The esophageal fat pad is identified and mobilized at the GEJ.
Although this intra-abdominal segment contributes to the antireflux barrier, it also provides the necessary length to perform an antireflux procedure under optimal conditions.11 Indeed, given the fact that reducing a large hernia sac requires extensive esophageal dissection and causes disruption of, what is for most patients, an already deficient antireflux mechanism, significant postoperative reflux will be the most likely consequence.
If, despite all these maneuvers, the necessary 2 cm cannot be obtained, a gastroplasty is unavoidable. There are several ways to perform a gastroplasty, but today most surgeons prefer the wedge Collis gastroplasty (Fig. 46-7),12 usually in combination with a 360-degree short floppy Nissen fundoplication (see Chapter 39). If the patient has a clear motility disorder, a partial fundoplication, for example, Toupet, is usually preferred (see Chapter 40). When an open transthoracic approach is used, and if, after full mobilization of the esophagus up to the level of the aortic arch, an insufficient length is obtained, a Collis Belsey gastroplasty is performed as described by Pearson et al.7 and illustrated in Chapter 38.

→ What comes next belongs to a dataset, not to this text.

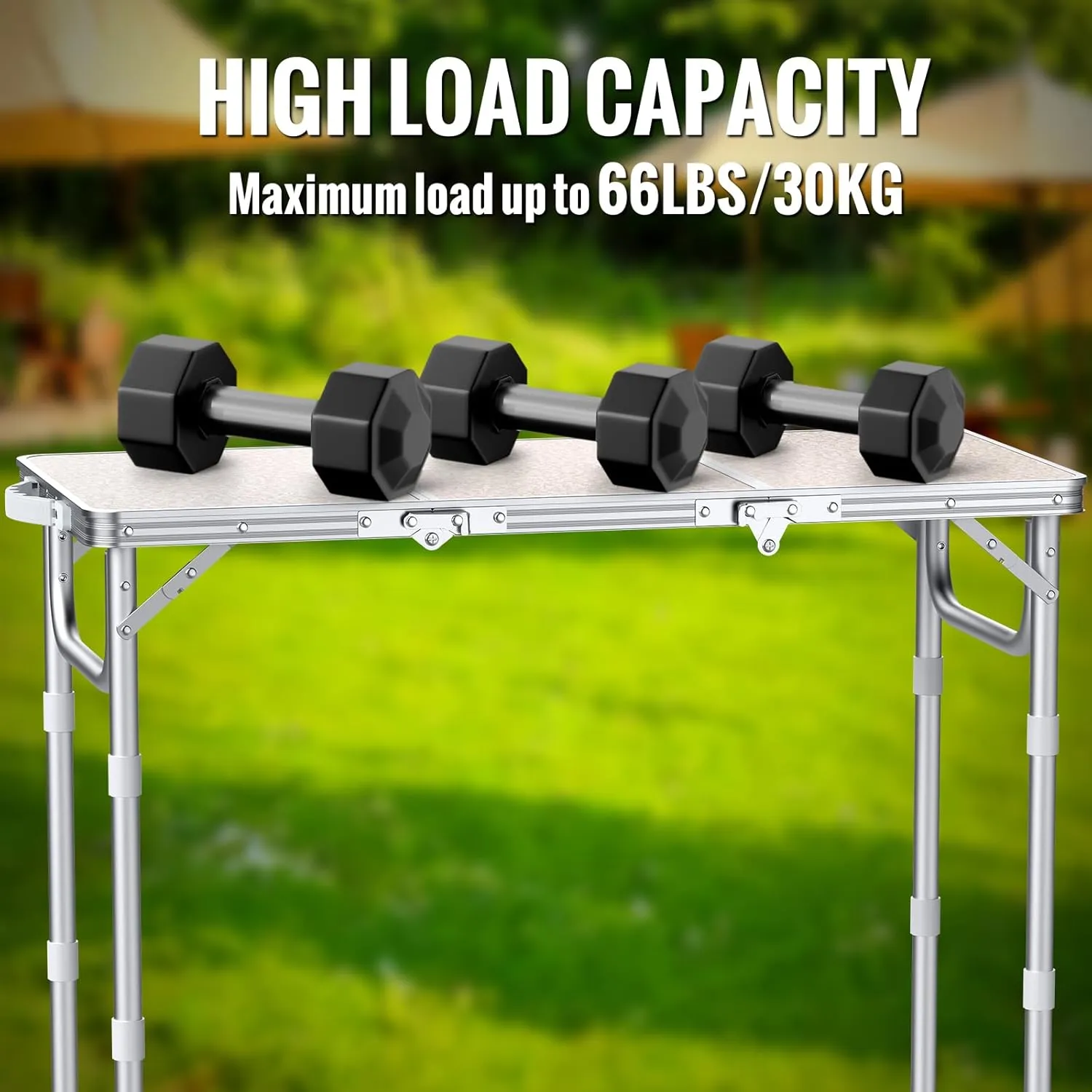 Folding Table for Camping, 3-Adjustable Height Lightweight Folding Picnic Table with Storage Bag, Portable Aluminum Outdoor Table for Outside, Camping, BBQ, 34.2" L x 15.7" W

Complete mobilization of the fat pad permits visualization of GEJ and assessment of esophageal length.
The use of gastropexy is controversial. Nissen13 and Boerema and Germs14 were the first to use gastropexy to anchor the stomach against the abdominal wall in an effort to decrease the incidence of recurrence after repair of a paraesophageal hernia. Ponsky et al. in 200315 showed favorable results of gastropexy after laparoscopic repair of paraesophageal hernia with no recurrence at 2 years follow-up in a series of 28 patients. However, Larusson16 found gastropexy to be one of the variables associated with an increase in postoperative morbidity.

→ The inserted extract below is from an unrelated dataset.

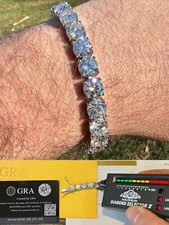 BIG Stone 8mm 44-52ct Real MOISSANITE Tennis Bracelet Passes Test Iced Large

Some surgeons prefer gastropexy over antireflux procedures in frail and elderly patients because of the potential undesirable side effects of the latter that eventually may jeopardize the postoperative course. If symptomatic reflux occurs, it is hoped that this can be controlled with medical therapy (proton pump inhibitors [PPIs]).

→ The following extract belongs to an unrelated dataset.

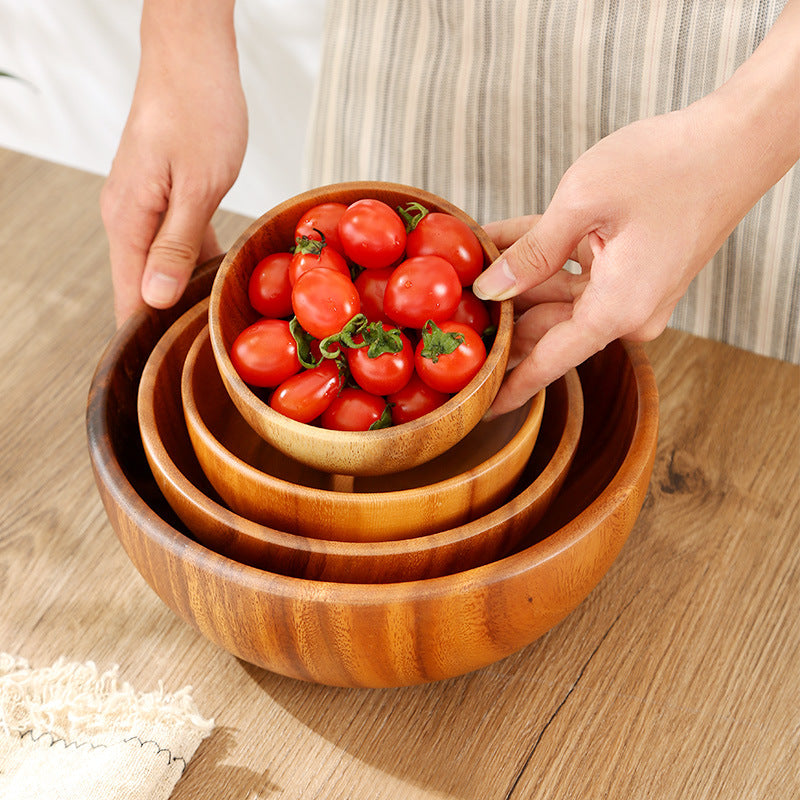 Wooden Rice And Noodle Fruit Salad Bowl - Mubimart - Wooden Bowl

The final but equally critical step of this intervention is the closure of the hiatus (Fig. 46-8A,B). The risk for recurrent herniation is greater with paraesophageal hernia compared with Type I sliding hernia, because of the widening of the hiatus and weakening of the muscles, especially the left crus, caused by the large herniated stomach. This has stimulated some surgeons to use prosthetic materials to minimize the risk of recurrence.17 Prosthetic material can be used as an “onlay mesh” draped over the closed pillars and around the esophagus or actually as a “curtain” incorporated in the hiatus itself. Given the presumed higher risk for erosion into the esophagus or stricture formation, most prefer to use Gore-Tex or biomaterials such as Surgisis.
Tension-free hiatal closure.
Zaninotto et al.18 found a 42% recurrence rate after repair without reinforcement of the crura versus 9% with mesh reinforcement using Gore-Tex. A randomized controlled trial using the biologic prosthesis, Surgisis, showed initial superiority over closure without mesh with 9% versus 24% recurrence rates, respectively.19 This advantage appears to diminish over the long term.
For the majority of cases, if the surgeon uses meticulous technique and avoids stripping away the overlying peritoneum, the crura can be sufficiently mobilized to permit a tension-free closure.
Nason et al.10 have found it helpful to create a pneumothorax on the left side by introducing a pigtail catheter. This results in a laxity of the left pillar as the diaphragm becomes floppy. Usually three to four stitches will suffice, and to avoid too much anterior displacement, additional sutures in front of the esophagus may be necessary to obtain sufficient narrowing of the hiatus.